# Try it
Although pictures appear in the data, the answer should contain only the lines from its start through the line with "Vintage circus vector", written out exactly.

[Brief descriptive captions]

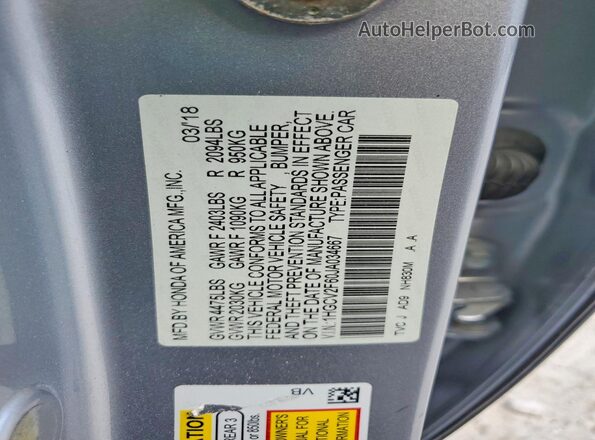 1HGCV2F60JA034667 2018 HONDA ACCORD Silver Вид наклейки з VIN-кодом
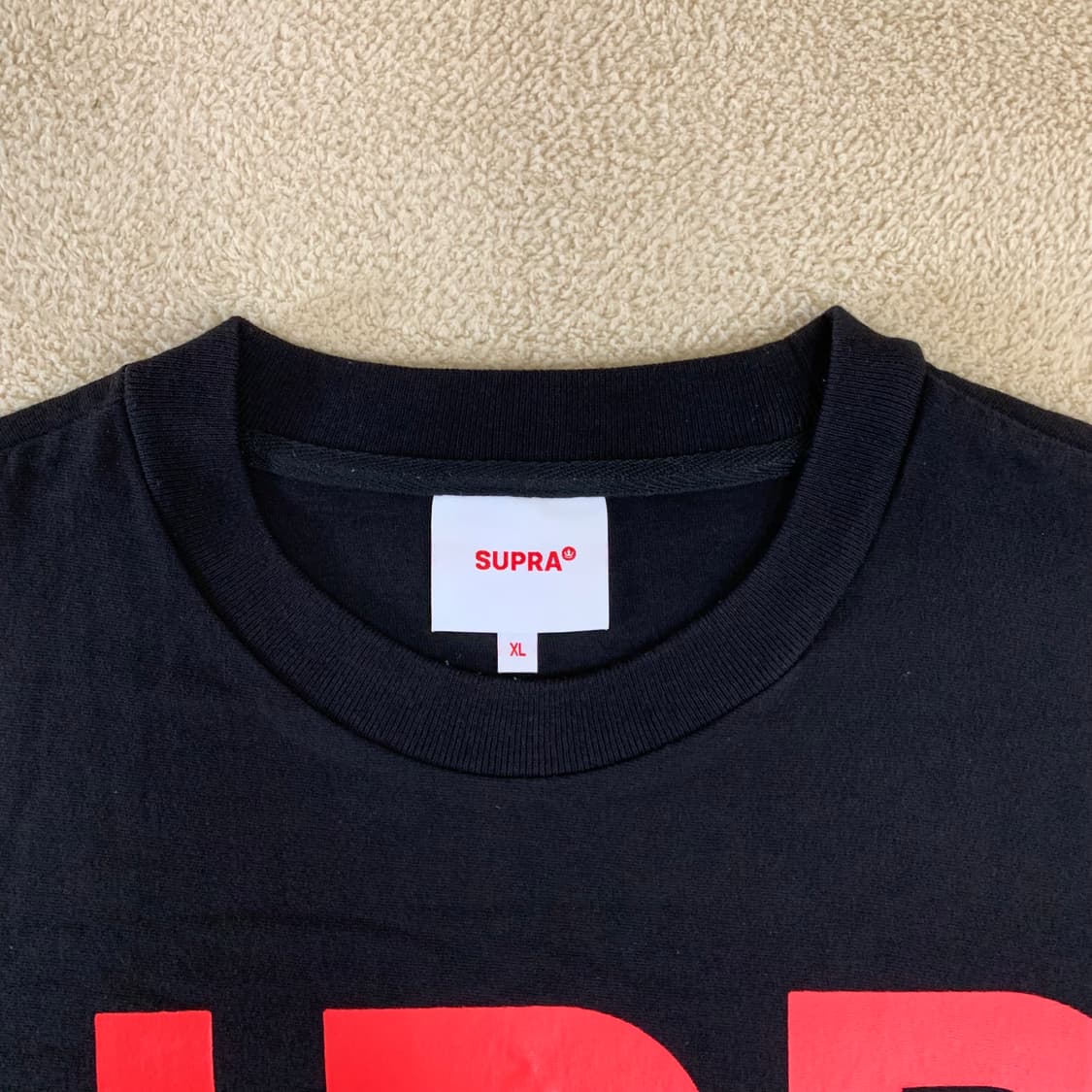 SUPRA 수프라 빅로고 오버핏 반팔티셔츠(XL/블랙) 여름티 상품이미지3
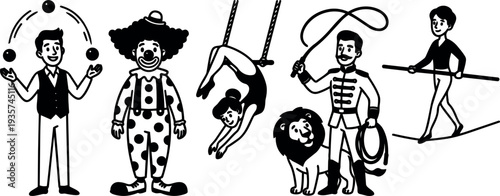 Vintage circus vector lineup juggler smiling juggling balls clown aerialist on trapeze lion tamer with lion tightrope walker balancing classic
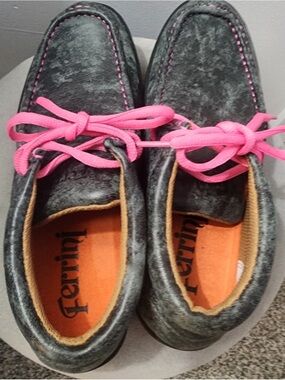 Ferrini Smokey Black Suede Lace up Womens Moccasins - New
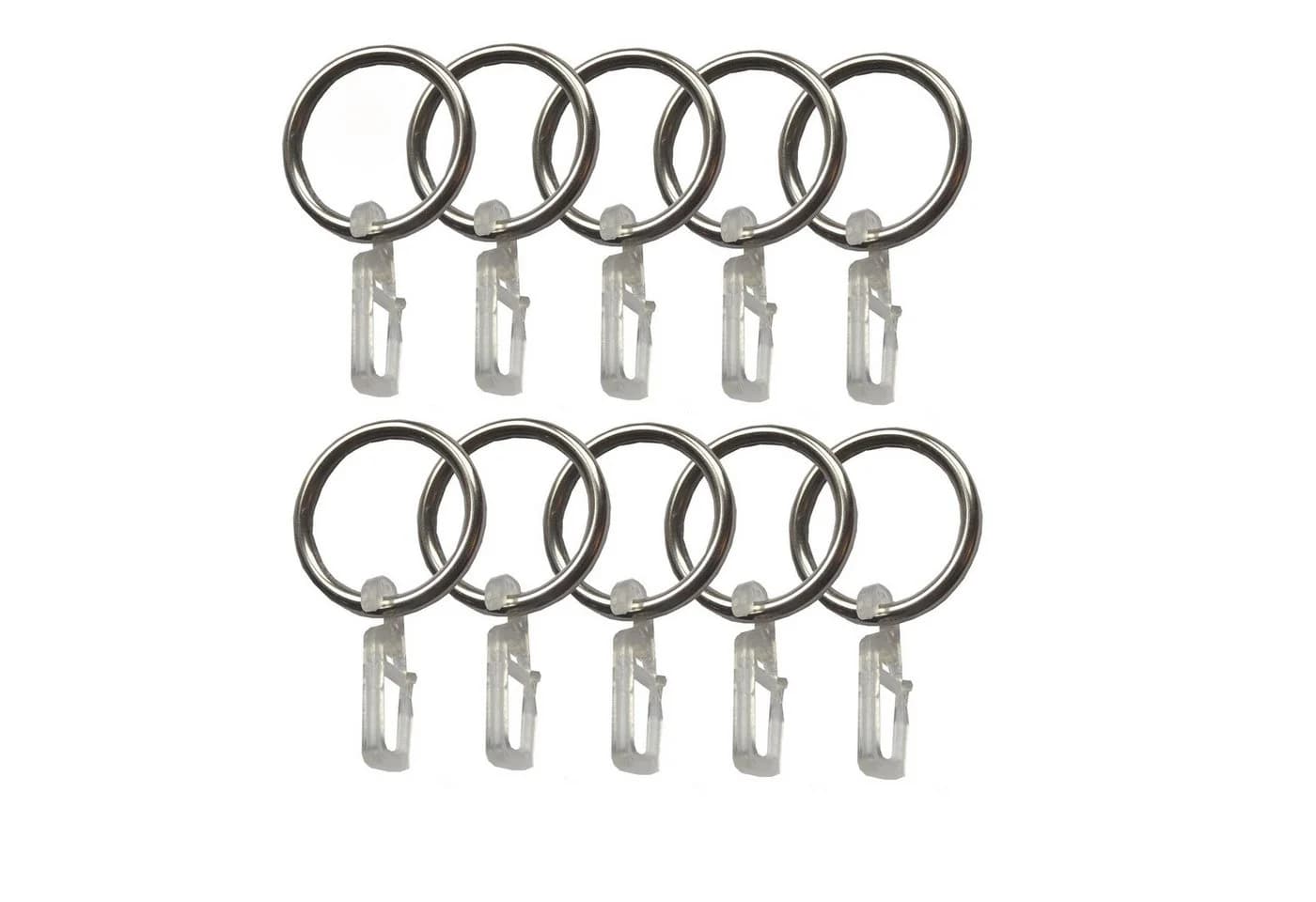 BASIT Gardinenring Metallringe mit Überklipshaken C10 für 16 mm - Bild 2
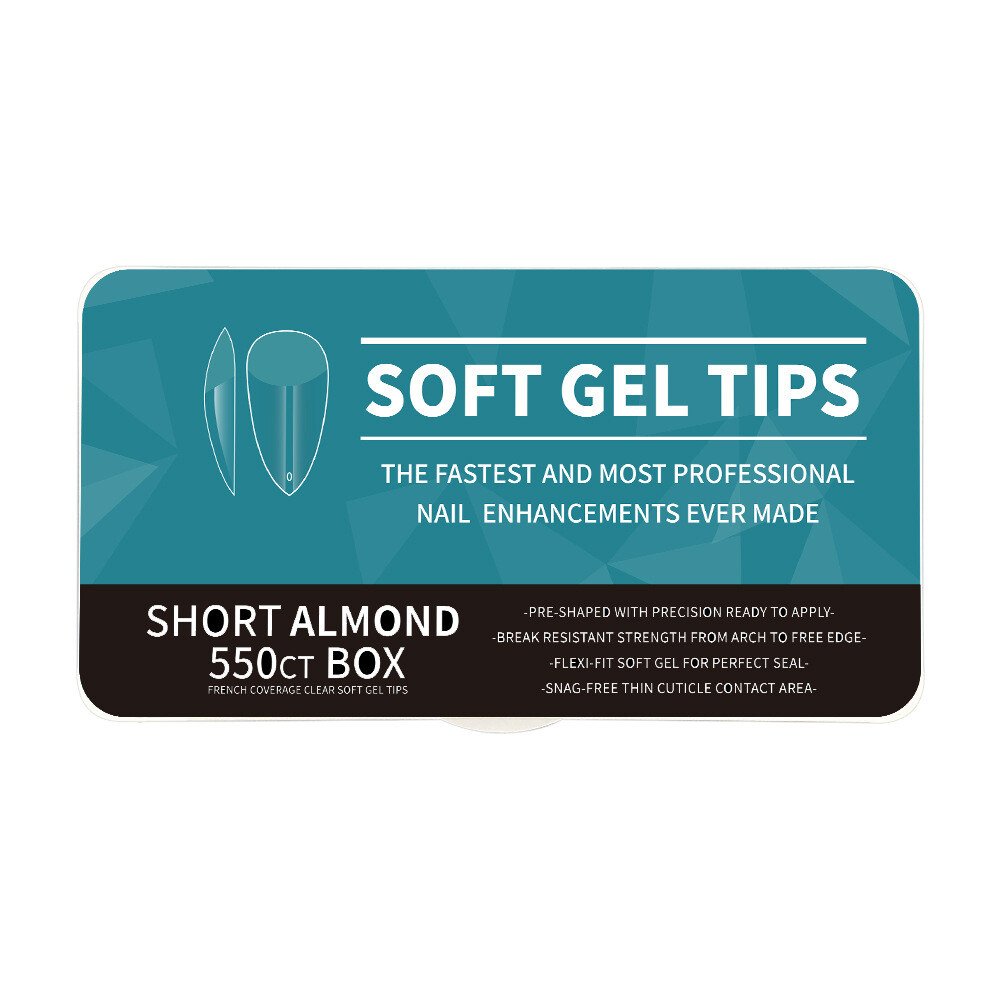 550pcs Soft Gel Tips Seamless Semi Frosted Full Cover Clear False Press On Nails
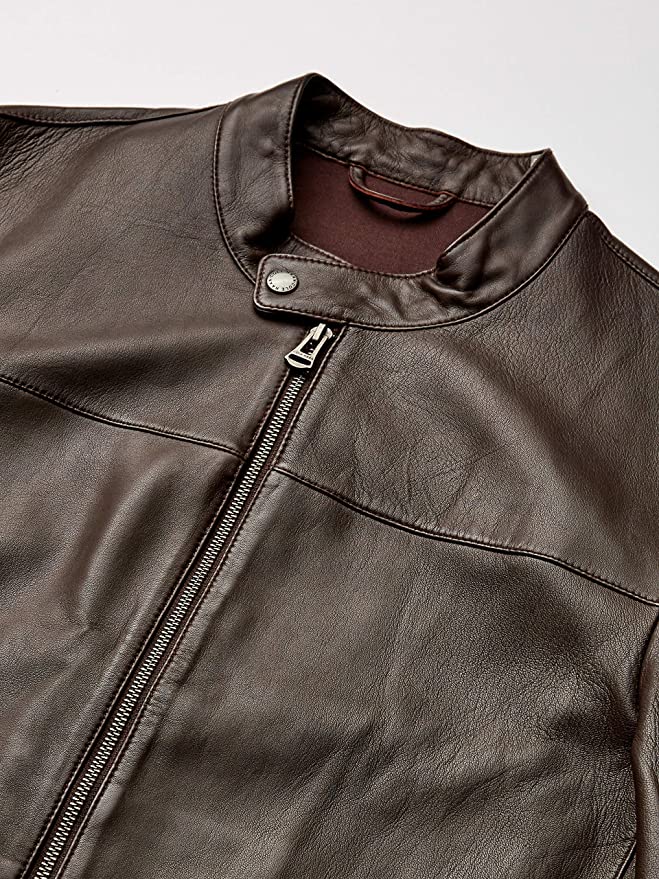 Chocolate Brown Basic Genuine Leather Jacket Round Neck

# Result of the task
 1HGCV2F60JA034667 2018 HONDA ACCORD Silver Вид наклейки з VIN-кодом
 SUPRA 수프라 빅로고 오버핏 반팔티셔츠(XL/블랙) 여름티 상품이미지3
 Vintage circus vector lineup juggler smiling juggling balls clown aerialist on trapeze lion tamer with lion tightrope walker balancing classic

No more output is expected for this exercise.